Mnemom detects drift at two timescales through two complementary protocols:
| Protocol | Timescale | Input | Detection Method |
|---|
| AAP (post-hoc) | Days to weeks, cross-session | AP-Trace structural features | Cosine similarity to baseline centroid |
| AIP (real-time) | Minutes, within a session | Integrity checkpoint verdicts | Consecutive non-clear count |
Both protocols store alerts in the same drift_alerts database table, surfaced through a unified API and dashboard.
What Drift Looks Like
Drift rarely appears as a single dramatic violation. More commonly, it manifests as a pattern:
- An agent that used to escalate 15% of decisions now escalates only 5%.
- An agent that declared
transparency as a value stops applying it in trace decisions.
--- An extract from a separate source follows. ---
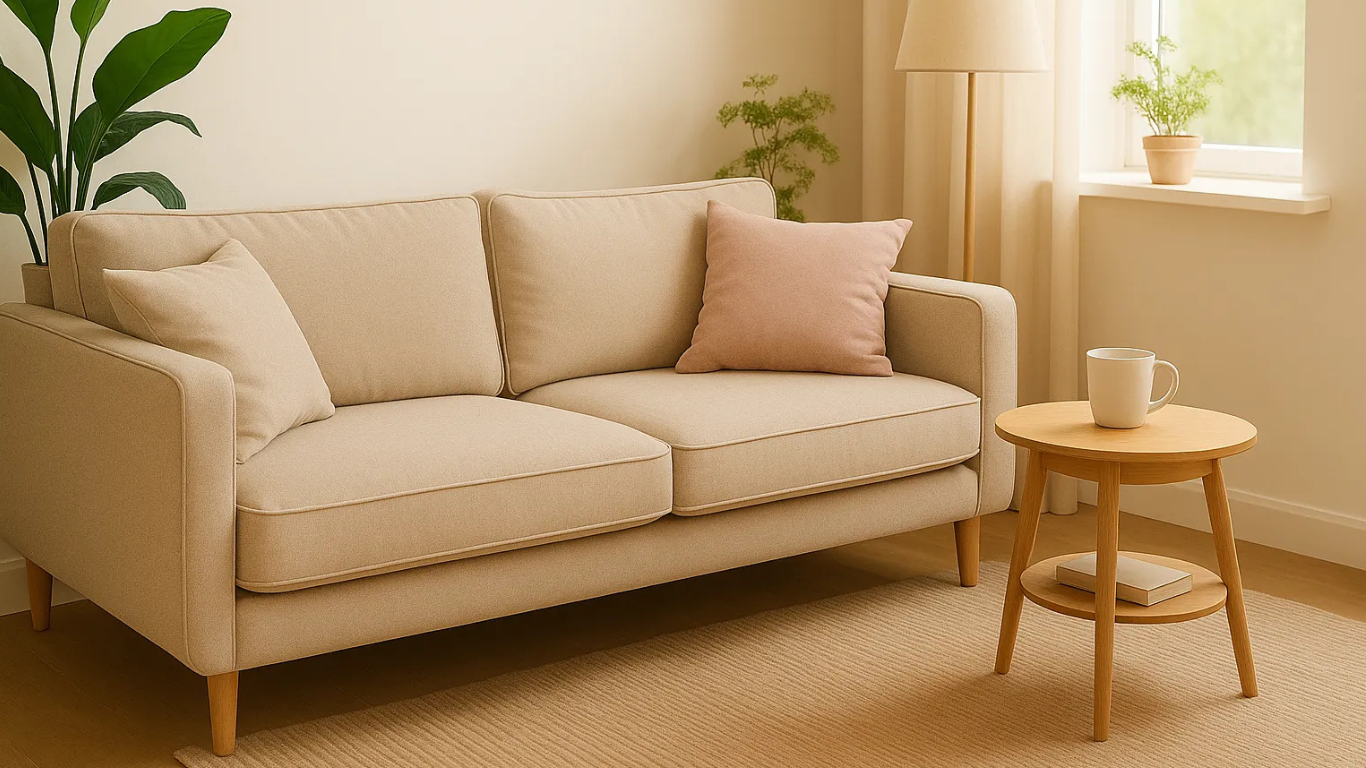 Sala luminosa con sofá beige moderno, cojines suaves y mesa auxiliar de madera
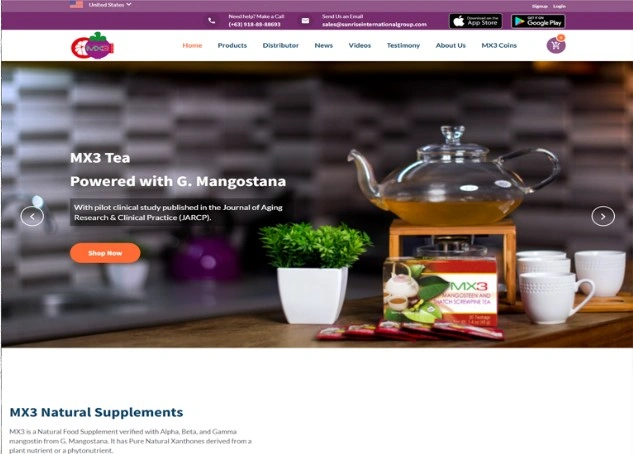 MX3 Supplements E-Commerce Website — Mangosteen-based health products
- An agent’s integrity checkpoints shift from consistently
clear to occasional review_needed verdicts, then more frequent ones.
- An agent starts reasoning about actions not in its
bounded_actions list, even if it does not ultimately take them.
Each individual action might pass verification. The problem is the trend.
AAP Drift Detection (Post-Hoc)
AAP drift detection analyzes AP-Trace structural features across sessions to detect behavioral patterns that diverge from a computed baseline.
How It Works
-
Feature extraction: Extract structural features from each trace — action types, values applied, escalation patterns, confidence scores. Content features (reasoning text) are excluded because they dilute cosine similarity without adding alignment signal.
-
Chronological ordering: Sort all traces by timestamp.
-
Baseline computation: Compute a baseline centroid from the first N traces, where N =
max(sustained_threshold, min(10, len(traces) // 4)). This centroid represents the agent’s “normal” behavioral fingerprint.
-
Similarity computation: Compute cosine similarity between each subsequent trace’s feature vector and the baseline centroid.
-
Divergence tracking: Track similarity over time. Alert when similarity drops below the threshold for a sustained number of consecutive traces.
Structural Features
AAP drift uses only structural features extracted from traces and cards:
| Feature | Source | Weight |
|---|
value:{v} | Declared/applied values | 1.0 |
action_name:{name} | Bounded actions / action name | 1.0 |
action:{type} | Action type (trace only) | 1.0 |
category:{cat} | Principal type / action category | 1.0 |
escalation:* | Escalation triggers / escalation state | 1.0 |
confidence | Decision confidence | 0.0-1.0 |
Content features (TF-IDF from reasoning text) are available for text-to-text comparison (e.g., SSM pairwise similarity between traces) but are not used for drift detection. Alignment Cards declare structural constraints — values, bounded actions, principal relationships — and contain no reasoning text. Including content tokens dilutes similarity without adding alignment signal.
Calibration Thresholds
These thresholds are calibrated from empirical analysis of approximately 50 multi-turn agent conversations totaling around 2,500 messages:
| Constant | Value | Description |
|---|
DEFAULT_SIMILARITY_THRESHOLD | 0.30 | Alert when drift similarity drops below |
DEFAULT_SUSTAINED_TURNS_THRESHOLD | 3 | Alert after N consecutive low-similarity traces |
BEHAVIORAL_SIMILARITY_THRESHOLD | 0.50 | Warn on single-trace verification when below |
MIN_COHERENCE_FOR_PROCEED | 0.70 | Minimum coherence score for automatic proceed |
Code Example
from aap import detect_drift
traces = fetch_traces(agent_id="my-agent", days=30)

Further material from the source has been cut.